Statt also Ablenkbarkeit streng zu messen, messen latente Hemmungsaufgaben eine Form geistiger Flexibilität. Es ist nicht so, dass Menschen mit einer reduzierten latenten Hemmung das Irrelevante immer als relevant betrachten; Sie betrachten alles als potenziell relevant.

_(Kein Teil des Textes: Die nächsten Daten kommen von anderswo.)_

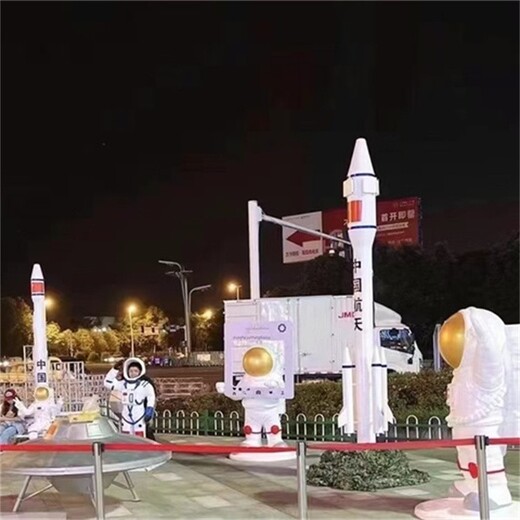 鏤空宇航員雕塑供應商,太空人宇航員雕塑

Und das fördert die Kreativität, denn manchmal ist das scheinbar Irrelevante relevant!

Diese Unterscheidung ist subtil, aber sehr wichtig. Ich habe zu viele Journalisten gesehen, die die Bedeutung von latenter Hemmung verwechseln. Meine Kollegen – wie Shelley Carson, Oshin Vartanian, Liane Gabora und Darya Zabelina – und ich haben die Fähigkeit kreativer Individuen untersucht, die Denkweisen je nach den Aufgabenanforderungen zu wechseln. Dies ist ein sehr spannendes neues Forschungsgebiet!

So wie ich es sehe, ist es nicht die Ablenkbarkeit an sich, die für die Kreativität am wichtigsten ist. Stattdessen denke ich, dass der Schlüssel darin besteht, dein Staunen und deine Erregung für die Welt zu bewahren, offen für alles in der Umwelt und für deinen eigenen inneren Bewusstseinsstrom. Ich denke, die Dinge in diese Begriffe zu setzen, ermöglicht nützlichere praktische Anwendungen.

Ich stimme dem Geist von Lehrers Aufruf auf seinem Blog zu, die "impulsiven Ausdruck" im Klassenzimmer stärker zu würdigen. Aber ich bin nicht sicher, ob ich den Schülern beibringen kann, mehr ADHS zu zeigen. Das ist der richtige Weg. Ich denke, es ist vernünftiger, Menschen in der Gesellschaft (einschließlich des Klassenzimmers und der Belegschaft) zu lehren, offen und mental flexibel zu sein und den Gebrauch von Vorstellungskraft zu fördern, während sie gleichzeitig die Konzentrationsfähigkeit behalten. Wir müssen weder Arbeitsgedächtnisfähigkeiten noch Vorstellungskraft und Tagträumerei fördern. Wir können beides fördern. Und damit fördern wir echte Kreativität – Kreativität, die neu und nützlich ist.